▶ **Assignment**: The required output is the exact run of lines below that opens at the line with "好心情v4.06截图1" and closes at the line with "KIA Optima IV, 2016".

··· Record extracts ···

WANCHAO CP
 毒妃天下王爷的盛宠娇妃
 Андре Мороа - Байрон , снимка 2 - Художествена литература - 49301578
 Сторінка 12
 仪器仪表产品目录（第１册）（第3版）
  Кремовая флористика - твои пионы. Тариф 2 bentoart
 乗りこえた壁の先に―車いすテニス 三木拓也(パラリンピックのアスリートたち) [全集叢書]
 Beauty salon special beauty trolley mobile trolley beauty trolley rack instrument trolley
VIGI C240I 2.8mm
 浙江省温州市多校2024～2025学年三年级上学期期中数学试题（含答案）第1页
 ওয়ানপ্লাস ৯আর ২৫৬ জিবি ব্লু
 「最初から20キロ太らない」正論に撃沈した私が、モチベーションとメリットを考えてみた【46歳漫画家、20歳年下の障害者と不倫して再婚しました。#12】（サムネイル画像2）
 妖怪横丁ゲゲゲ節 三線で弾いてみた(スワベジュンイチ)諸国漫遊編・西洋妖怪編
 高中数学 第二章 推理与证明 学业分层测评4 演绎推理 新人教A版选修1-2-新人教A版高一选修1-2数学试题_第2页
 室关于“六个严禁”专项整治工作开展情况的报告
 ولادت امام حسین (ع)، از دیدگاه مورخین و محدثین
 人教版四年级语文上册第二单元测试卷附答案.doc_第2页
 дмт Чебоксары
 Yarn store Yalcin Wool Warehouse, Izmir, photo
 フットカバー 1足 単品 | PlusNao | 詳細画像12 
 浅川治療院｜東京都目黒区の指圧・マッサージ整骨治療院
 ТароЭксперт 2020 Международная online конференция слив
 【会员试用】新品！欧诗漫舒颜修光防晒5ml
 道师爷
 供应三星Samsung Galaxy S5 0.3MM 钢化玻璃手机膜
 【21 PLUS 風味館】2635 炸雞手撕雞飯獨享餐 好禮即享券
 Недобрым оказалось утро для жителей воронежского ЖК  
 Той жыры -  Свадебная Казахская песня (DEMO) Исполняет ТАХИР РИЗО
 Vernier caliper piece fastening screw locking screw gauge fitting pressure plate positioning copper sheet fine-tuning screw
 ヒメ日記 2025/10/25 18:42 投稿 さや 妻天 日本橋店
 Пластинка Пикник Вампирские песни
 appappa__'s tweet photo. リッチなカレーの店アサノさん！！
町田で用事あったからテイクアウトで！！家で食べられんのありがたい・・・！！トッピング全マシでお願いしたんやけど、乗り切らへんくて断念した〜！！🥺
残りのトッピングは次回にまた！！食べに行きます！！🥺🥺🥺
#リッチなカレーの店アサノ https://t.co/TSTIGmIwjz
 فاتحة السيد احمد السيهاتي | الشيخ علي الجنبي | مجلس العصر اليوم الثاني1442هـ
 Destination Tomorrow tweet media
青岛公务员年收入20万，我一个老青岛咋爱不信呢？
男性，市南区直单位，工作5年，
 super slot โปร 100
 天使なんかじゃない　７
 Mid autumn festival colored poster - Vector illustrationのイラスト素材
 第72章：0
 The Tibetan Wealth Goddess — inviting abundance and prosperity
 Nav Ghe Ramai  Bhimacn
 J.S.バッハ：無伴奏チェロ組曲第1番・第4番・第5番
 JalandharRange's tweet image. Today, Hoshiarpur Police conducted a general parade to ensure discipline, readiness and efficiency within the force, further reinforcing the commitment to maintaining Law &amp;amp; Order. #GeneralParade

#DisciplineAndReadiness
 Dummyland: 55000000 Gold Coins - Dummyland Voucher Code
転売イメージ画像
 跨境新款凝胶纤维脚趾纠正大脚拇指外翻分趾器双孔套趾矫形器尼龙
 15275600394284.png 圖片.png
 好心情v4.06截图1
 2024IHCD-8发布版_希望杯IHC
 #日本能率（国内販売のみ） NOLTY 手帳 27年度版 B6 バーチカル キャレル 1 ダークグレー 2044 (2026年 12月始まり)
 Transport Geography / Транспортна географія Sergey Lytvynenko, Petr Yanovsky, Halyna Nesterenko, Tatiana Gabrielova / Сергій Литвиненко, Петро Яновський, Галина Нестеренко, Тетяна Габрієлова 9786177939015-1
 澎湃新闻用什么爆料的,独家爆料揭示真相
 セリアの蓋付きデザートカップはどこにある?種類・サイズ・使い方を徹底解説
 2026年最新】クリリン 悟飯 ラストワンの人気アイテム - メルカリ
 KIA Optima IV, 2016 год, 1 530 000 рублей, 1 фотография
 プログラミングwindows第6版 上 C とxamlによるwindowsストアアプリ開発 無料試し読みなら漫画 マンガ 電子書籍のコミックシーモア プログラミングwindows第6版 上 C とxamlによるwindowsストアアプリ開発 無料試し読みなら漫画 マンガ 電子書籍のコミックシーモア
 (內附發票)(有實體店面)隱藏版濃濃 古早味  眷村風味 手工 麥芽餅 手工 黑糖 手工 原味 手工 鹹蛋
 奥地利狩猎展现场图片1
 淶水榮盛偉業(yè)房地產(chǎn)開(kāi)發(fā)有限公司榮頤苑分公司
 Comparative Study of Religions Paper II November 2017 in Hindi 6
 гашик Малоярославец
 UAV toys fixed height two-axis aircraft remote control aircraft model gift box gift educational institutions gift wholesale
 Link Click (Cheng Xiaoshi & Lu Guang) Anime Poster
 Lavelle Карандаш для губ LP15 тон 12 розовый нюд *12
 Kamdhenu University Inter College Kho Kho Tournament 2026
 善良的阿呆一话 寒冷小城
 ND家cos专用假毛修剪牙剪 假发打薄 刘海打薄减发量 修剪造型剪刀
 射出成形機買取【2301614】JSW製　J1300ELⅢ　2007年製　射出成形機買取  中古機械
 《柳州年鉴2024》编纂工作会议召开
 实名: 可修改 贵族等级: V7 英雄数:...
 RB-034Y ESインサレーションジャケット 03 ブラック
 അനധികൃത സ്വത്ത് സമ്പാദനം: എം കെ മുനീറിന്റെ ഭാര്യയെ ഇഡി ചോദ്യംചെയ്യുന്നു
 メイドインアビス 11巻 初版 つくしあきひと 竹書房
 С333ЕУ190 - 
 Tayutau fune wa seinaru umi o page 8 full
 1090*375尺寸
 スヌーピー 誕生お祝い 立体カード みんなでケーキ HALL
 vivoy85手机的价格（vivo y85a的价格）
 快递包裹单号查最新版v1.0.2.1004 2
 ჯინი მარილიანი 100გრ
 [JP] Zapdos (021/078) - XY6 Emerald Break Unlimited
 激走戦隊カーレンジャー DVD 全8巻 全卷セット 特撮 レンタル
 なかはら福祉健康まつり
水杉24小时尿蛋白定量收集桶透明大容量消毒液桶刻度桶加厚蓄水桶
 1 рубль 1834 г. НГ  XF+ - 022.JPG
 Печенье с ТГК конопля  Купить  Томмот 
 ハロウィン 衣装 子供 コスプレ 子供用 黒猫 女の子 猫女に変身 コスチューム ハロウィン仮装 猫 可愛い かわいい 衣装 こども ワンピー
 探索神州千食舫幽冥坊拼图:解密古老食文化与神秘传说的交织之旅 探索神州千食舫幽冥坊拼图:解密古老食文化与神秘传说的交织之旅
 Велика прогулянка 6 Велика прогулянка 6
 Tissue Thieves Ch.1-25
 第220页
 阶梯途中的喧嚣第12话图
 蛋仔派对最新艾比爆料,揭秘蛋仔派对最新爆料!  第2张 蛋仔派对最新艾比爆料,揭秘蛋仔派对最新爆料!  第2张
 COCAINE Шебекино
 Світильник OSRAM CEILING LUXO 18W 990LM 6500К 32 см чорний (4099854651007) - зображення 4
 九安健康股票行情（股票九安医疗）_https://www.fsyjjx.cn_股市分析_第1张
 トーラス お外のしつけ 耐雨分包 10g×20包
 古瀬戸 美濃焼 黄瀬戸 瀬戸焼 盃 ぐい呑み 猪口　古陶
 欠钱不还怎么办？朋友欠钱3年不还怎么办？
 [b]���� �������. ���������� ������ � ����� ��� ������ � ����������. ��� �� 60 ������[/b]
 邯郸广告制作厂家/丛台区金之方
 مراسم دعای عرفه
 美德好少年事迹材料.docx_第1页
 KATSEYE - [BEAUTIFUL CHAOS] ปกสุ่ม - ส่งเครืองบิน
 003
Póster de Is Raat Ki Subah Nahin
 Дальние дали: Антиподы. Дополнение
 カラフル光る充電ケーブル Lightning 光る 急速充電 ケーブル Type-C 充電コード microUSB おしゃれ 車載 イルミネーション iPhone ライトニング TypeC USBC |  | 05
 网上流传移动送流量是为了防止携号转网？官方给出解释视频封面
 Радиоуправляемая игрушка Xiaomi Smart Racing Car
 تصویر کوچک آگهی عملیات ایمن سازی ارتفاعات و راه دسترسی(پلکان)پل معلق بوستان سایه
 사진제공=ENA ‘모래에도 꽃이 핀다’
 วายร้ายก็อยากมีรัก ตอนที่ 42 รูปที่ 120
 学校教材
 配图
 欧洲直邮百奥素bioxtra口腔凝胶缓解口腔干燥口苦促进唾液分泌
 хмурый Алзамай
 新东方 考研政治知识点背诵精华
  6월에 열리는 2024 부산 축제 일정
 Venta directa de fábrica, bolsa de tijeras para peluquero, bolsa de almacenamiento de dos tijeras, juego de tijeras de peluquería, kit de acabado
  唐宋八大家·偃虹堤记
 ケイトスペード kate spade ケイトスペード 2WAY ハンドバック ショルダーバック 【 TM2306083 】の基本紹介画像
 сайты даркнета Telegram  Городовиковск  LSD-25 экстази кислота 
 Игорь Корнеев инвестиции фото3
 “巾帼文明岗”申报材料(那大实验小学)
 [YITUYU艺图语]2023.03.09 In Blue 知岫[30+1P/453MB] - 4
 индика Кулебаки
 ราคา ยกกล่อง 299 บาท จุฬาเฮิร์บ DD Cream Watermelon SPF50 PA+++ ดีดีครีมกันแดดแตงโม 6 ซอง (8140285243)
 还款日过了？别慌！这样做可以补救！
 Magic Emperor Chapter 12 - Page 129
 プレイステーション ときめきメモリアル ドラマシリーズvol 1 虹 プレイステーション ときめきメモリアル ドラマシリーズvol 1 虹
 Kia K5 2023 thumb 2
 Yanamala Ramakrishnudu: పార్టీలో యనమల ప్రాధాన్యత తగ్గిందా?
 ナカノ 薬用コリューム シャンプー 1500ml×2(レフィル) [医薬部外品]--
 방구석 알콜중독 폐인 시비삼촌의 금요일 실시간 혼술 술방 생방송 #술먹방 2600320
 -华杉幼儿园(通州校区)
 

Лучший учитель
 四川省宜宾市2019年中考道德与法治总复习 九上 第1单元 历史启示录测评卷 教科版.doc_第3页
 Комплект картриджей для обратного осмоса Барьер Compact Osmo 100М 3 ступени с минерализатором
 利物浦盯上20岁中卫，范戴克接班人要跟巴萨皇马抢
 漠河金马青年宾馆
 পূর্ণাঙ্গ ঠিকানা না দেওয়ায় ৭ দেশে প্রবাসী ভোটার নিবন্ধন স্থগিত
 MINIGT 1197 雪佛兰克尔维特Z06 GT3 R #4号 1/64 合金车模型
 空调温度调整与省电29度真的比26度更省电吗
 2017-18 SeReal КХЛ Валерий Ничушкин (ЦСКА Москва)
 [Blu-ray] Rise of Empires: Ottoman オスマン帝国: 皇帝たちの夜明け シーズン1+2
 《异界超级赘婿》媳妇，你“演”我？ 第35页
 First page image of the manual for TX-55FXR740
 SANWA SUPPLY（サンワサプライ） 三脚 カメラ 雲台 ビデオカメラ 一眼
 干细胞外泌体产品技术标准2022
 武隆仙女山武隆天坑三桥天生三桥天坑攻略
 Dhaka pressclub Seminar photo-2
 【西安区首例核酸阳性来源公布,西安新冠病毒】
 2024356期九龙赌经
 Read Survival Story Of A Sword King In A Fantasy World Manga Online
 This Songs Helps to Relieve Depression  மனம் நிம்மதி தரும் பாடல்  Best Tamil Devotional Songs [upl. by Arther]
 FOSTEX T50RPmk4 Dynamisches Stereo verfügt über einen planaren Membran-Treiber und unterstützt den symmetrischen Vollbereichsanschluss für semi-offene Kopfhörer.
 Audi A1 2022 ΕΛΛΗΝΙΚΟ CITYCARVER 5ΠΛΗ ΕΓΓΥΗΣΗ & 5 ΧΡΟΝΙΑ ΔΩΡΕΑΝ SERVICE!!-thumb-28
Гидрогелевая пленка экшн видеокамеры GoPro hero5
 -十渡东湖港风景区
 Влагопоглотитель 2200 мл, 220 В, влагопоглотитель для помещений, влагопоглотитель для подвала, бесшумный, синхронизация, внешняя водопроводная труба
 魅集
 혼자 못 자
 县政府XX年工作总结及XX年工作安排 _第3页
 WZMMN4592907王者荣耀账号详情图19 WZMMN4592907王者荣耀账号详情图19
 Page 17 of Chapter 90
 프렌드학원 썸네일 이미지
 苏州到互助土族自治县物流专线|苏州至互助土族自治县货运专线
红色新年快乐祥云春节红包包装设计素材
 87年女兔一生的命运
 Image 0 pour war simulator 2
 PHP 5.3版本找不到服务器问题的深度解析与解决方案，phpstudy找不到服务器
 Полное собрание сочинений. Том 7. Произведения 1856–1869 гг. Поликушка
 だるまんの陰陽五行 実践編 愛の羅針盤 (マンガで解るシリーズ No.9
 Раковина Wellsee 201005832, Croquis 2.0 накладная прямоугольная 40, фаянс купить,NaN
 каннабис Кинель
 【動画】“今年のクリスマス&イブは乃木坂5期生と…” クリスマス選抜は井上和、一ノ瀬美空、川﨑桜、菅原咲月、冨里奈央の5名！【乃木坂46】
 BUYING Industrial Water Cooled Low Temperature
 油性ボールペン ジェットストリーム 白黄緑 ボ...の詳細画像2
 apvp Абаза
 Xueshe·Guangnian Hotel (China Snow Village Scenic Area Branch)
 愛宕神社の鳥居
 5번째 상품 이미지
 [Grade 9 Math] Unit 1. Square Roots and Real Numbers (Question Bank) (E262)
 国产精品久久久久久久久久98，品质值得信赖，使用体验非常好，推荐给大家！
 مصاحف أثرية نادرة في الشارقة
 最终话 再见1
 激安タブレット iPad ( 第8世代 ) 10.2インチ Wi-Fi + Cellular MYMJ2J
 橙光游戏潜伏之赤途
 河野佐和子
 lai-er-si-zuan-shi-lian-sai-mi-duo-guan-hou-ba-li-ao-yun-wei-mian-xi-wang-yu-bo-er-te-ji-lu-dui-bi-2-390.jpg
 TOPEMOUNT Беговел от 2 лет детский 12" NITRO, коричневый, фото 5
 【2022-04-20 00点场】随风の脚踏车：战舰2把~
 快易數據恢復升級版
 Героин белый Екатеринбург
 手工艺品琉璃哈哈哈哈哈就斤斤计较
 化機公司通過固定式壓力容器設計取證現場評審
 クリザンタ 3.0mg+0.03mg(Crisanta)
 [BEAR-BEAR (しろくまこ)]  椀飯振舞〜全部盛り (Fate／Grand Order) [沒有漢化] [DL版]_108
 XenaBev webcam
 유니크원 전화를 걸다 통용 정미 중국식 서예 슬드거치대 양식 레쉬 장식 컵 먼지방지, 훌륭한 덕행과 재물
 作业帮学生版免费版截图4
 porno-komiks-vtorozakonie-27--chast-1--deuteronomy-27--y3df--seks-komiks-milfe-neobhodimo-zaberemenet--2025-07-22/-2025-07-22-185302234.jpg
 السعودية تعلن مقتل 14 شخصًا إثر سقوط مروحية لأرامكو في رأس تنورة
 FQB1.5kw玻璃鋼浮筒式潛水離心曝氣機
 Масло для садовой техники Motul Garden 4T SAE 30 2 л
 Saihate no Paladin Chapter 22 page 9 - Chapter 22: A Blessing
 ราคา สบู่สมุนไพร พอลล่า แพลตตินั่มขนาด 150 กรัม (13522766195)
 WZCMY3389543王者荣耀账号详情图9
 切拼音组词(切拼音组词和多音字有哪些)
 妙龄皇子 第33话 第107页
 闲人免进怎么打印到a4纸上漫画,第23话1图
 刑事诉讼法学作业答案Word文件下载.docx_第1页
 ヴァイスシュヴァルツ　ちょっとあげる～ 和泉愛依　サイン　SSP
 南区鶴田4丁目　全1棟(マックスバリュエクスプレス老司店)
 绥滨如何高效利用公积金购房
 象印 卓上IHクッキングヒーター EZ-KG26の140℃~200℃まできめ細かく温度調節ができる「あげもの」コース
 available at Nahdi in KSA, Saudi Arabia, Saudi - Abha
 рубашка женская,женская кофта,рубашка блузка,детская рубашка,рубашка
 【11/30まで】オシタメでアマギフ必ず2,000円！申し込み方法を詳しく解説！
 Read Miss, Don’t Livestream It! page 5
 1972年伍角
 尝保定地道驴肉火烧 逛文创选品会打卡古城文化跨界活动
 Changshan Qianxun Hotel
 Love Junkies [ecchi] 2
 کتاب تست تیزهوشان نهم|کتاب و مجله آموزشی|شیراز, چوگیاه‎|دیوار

···

▶ **Finished exercise**:
 好心情v4.06截图1
 2024IHCD-8发布版_希望杯IHC
 #日本能率（国内販売のみ） NOLTY 手帳 27年度版 B6 バーチカル キャレル 1 ダークグレー 2044 (2026年 12月始まり)
 Transport Geography / Транспортна географія Sergey Lytvynenko, Petr Yanovsky, Halyna Nesterenko, Tatiana Gabrielova / Сергій Литвиненко, Петро Яновський, Галина Нестеренко, Тетяна Габрієлова 9786177939015-1
 澎湃新闻用什么爆料的,独家爆料揭示真相
 セリアの蓋付きデザートカップはどこにある?種類・サイズ・使い方を徹底解説
 2026年最新】クリリン 悟飯 ラストワンの人気アイテム - メルカリ
 KIA Optima IV, 2016 год, 1 530 000 рублей, 1 фотография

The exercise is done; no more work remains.